The expected response is the complete listing below, restated exactly, with its pictures omitted.

_Data below:_
----
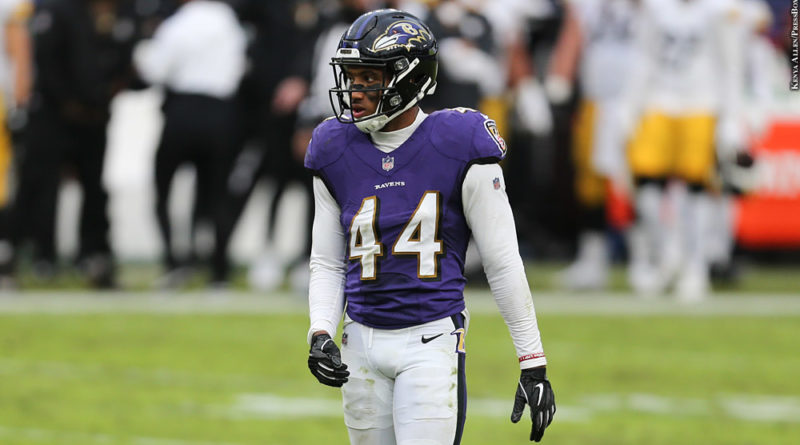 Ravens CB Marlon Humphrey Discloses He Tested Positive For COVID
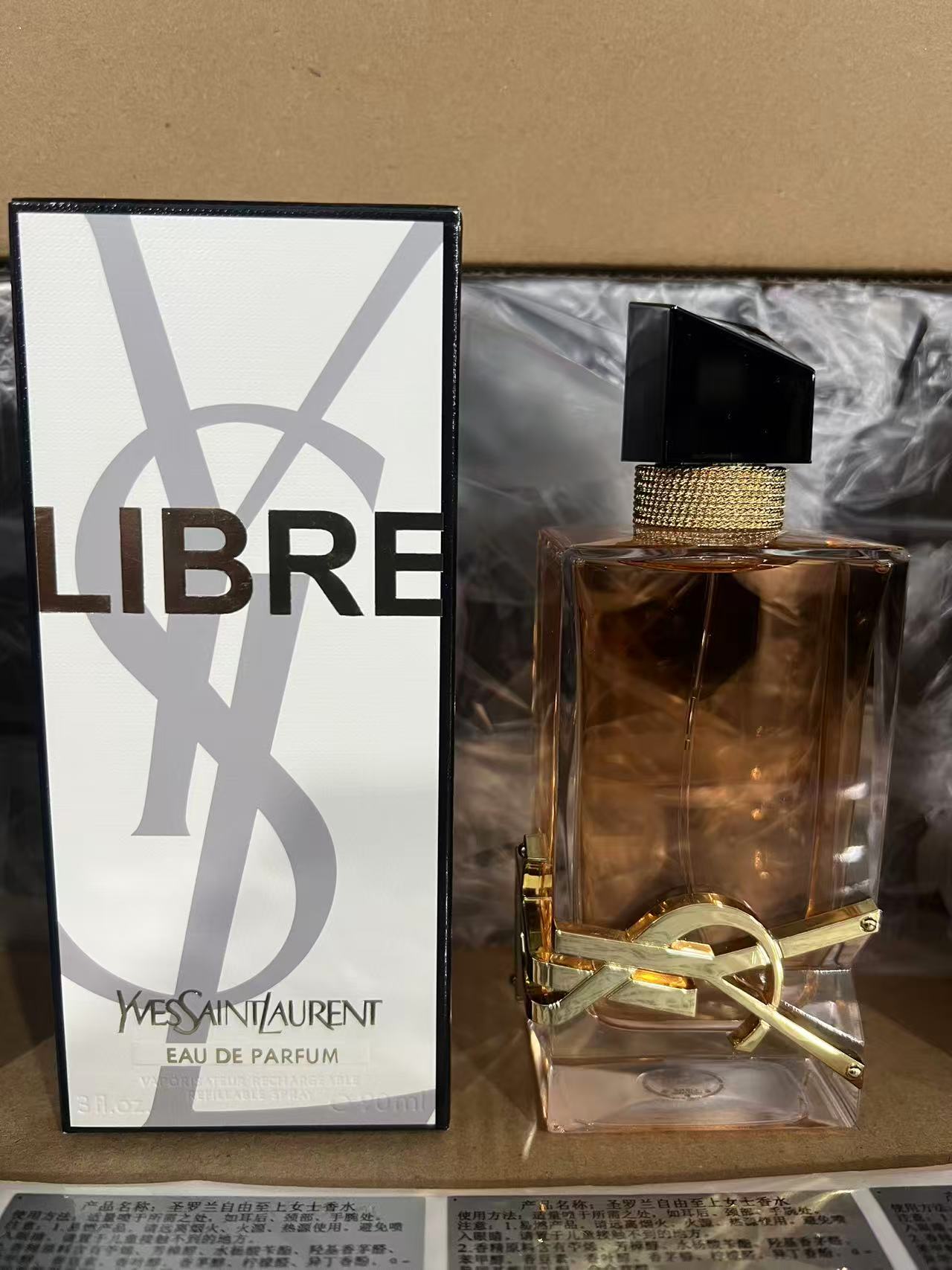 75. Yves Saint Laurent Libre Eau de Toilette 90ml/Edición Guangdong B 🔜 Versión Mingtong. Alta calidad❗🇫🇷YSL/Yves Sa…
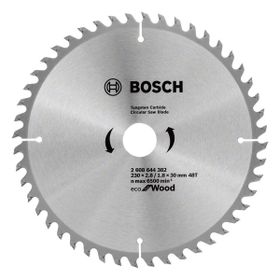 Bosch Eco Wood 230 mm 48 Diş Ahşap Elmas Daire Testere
----
_Task response:_
 Ravens CB Marlon Humphrey Discloses He Tested Positive For COVID
 75. Yves Saint Laurent Libre Eau de Toilette 90ml/Edición Guangdong B 🔜 Versión Mingtong. Alta calidad❗🇫🇷YSL/Yves Sa…
 Bosch Eco Wood 230 mm 48 Diş Ahşap Elmas Daire Testere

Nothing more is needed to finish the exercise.